I further “swiftyfied” the code to this (swift-DEVELOPMENT-SNAPSHOT-2016-05-03-a):

import Foundation

let N = 1_000_000

func generateTestData() -> [String] {
  return (0…<N).map { _ in ",abc, 123 ,x, , more more more,\u{A0}and yet more, " }
}

func splitAndTrim(s: String, sep: Character) -> [String] {
  return s.characters.split(separator: sep, omittingEmptySubsequences: false)
                     .map(String.init)
                     .map { $0.trimmingCharacters(in: .whitespacesAndNewlines()) }
}

func doSplits(data: [String]) -> Int {
  return data.reduce(0) { $0 + splitAndTrim(s: $1, sep: Character(",")).count }
}

let data = generateTestData()
let start = NSDate()
let sum = doSplits(data: data)
print("elapsed: \(NSDate().timeIntervalSince(start))")
print("sum: \(sum)")

I didn’t expect it to run as fast as the original (or even faster) but the code above takes 13 seconds to run… But that’s just an aside :slight_smile:

To actually come back to the problem you mentioned:

You can disambiguate the initializer to call in the following ways (probably there are other ways):

Add an ! after the init call since the one which should be used is failable (the one that uses reflection does not), so the compiler chooses the “right” one.

result.append(begin == eos ? "" : String(cs[begin..<end.successor()])!)

Or you can reference the initializer and use it afterwards (more future-proof):

let utf16View = cs[begin..<end.successor()]
let initializer = String.init as (String.UTF16View -> String?)
result.append(begin == eos ? "" : initializer(utf16View)!)

This reduces the time to 2.2 seconds on my machine (from ~2.9), but that’s still far from 0.8.

What do other people think? Is this something worth worrying about, or is it so rare that it shouldn't matter? Also, any suggestions as to how that code sample might be improved would be appreciated - my naive first attempt wasn't any better.

It might be very surprising behavior and we could think about adding an external label to all those initializers that cause trouble. The performance is of course a little worrying for a zero-cost abstractions language, but I think there are currently more important goals (getting the design right, etc.). We are still at the early stages with a lot of stuff changing and I think when the syntax, ABI, etc. are settled, performance / optimization will get more attention :slight_smile:

- Dennis

···

On May 7, 2016, at 7:39 PM, Austin Zheng via swift-users <swift-users@swift.org> wrote:

Hello Swift users,

I wanted to run something past you folks and get some opinions/feedback.

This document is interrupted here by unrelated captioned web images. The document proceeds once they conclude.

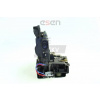 ESEN SKV GERMANY Zámok dverí 3B4839015A 16SKV003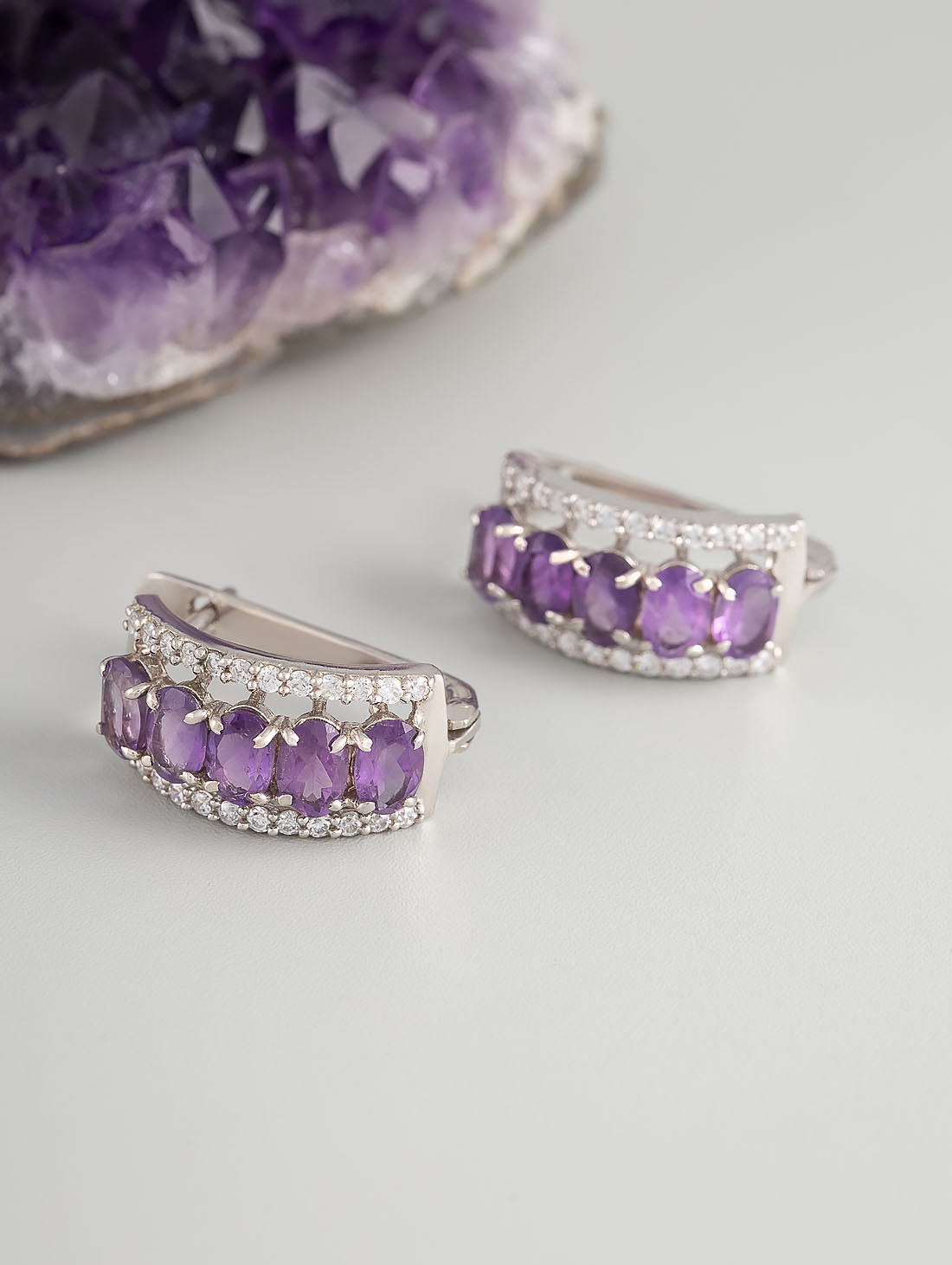 99330 Серьги (Ag 925)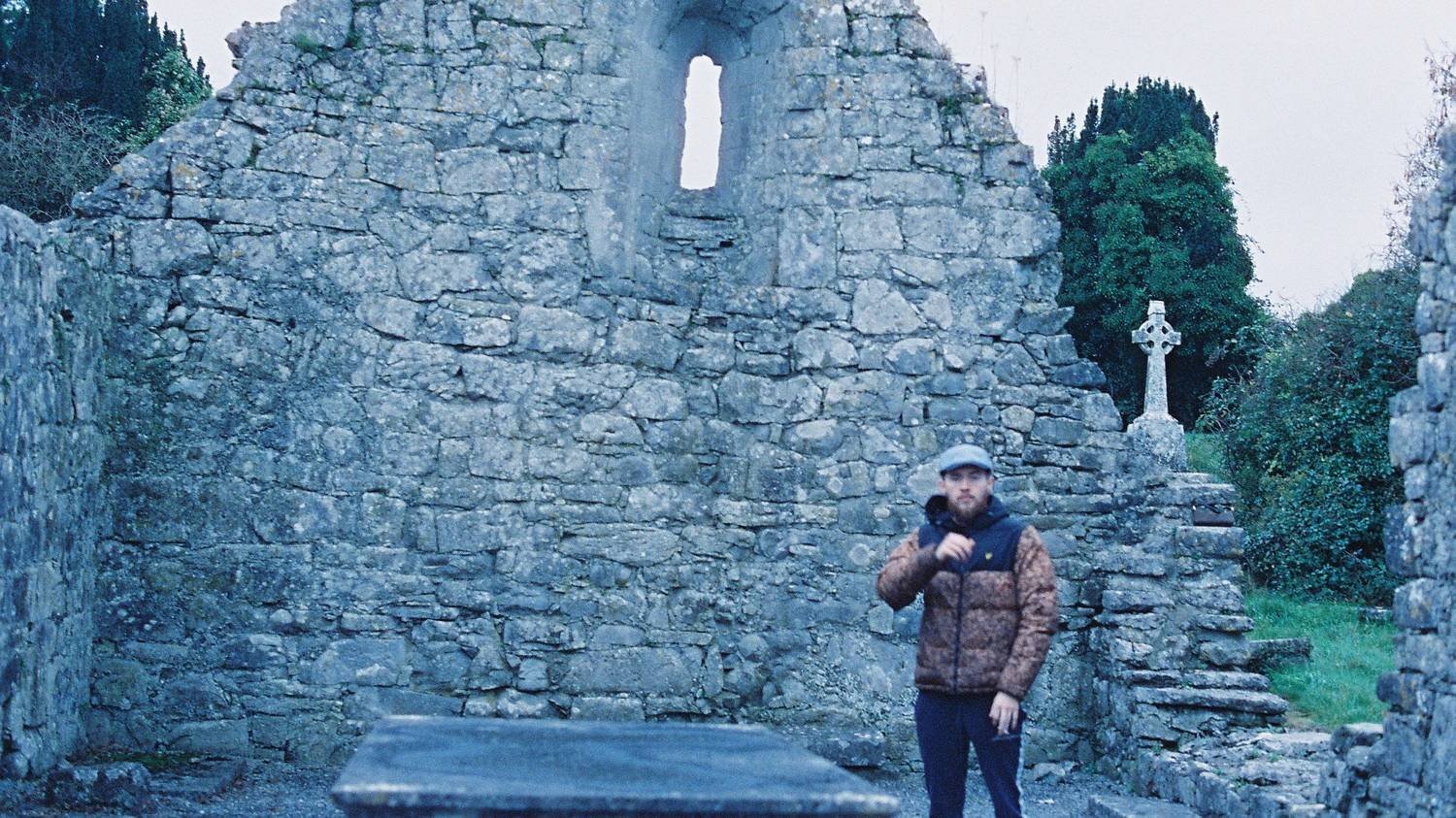 Folklore by GavinDaVinci: EP Review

About a month ago on Hacker News I saw someone commenting about how Swift's string-handling code was unbearably slow (3 seconds to run a code sample, vs. 0.8 in Java). I asked him to provide the code, and he obliged. Unfortunately, I didn't have time to dig into it until this morning. The code in its entirety can be found here: https://gist.github.com/austinzheng/d6c674780a58cb63832c4df3f809e683

At line 26 we have the following code:

result.append(begin == eos ? "" : String(cs[begin..<end.successor()]))

'cs' is a UTF16 view into an input string, while 'result' is a [String]. When I profiled the code in Instruments, I noticed that it was spending significant time within the reflection machinery.

It turns out that the initializer to make a String out of a utf16 view looks like this, and I believe this is the initializer the author intended to call:

init?(_: String.UTF16View) <>

However, the actual initializer being called was this String initializer in the Mirror code:

public init<Subject>(_ instance: Subject)

This seems like a tricky gotcha for developers who aren't extremely familiar with both the String and reflection APIs. His code looked reasonable at a first glance and I didn't suspect anything was wrong until I profiled it. Even so, I only made the connection because I recognized the name of the standard library function from poking around inside the source files.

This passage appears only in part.